▶ **Directions**: The reply is to contain the full listing, repeated exactly, with pictures left out.

** Opening The data block **

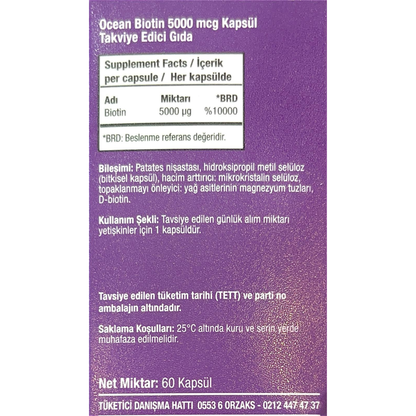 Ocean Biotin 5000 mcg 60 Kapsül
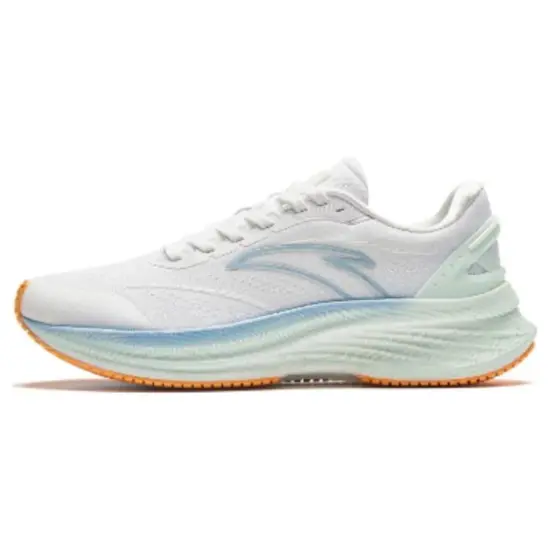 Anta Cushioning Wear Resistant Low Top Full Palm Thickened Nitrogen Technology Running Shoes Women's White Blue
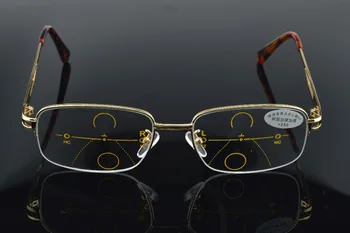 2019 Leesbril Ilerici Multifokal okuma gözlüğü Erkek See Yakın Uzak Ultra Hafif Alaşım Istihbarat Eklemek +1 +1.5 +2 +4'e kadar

** Closing The data block **

▶ **Exercise output**:
 Ocean Biotin 5000 mcg 60 Kapsül
 Anta Cushioning Wear Resistant Low Top Full Palm Thickened Nitrogen Technology Running Shoes Women's White Blue
 2019 Leesbril Ilerici Multifokal okuma gözlüğü Erkek See Yakın Uzak Ultra Hafif Alaşım Istihbarat Eklemek +1 +1.5 +2 +4'e kadar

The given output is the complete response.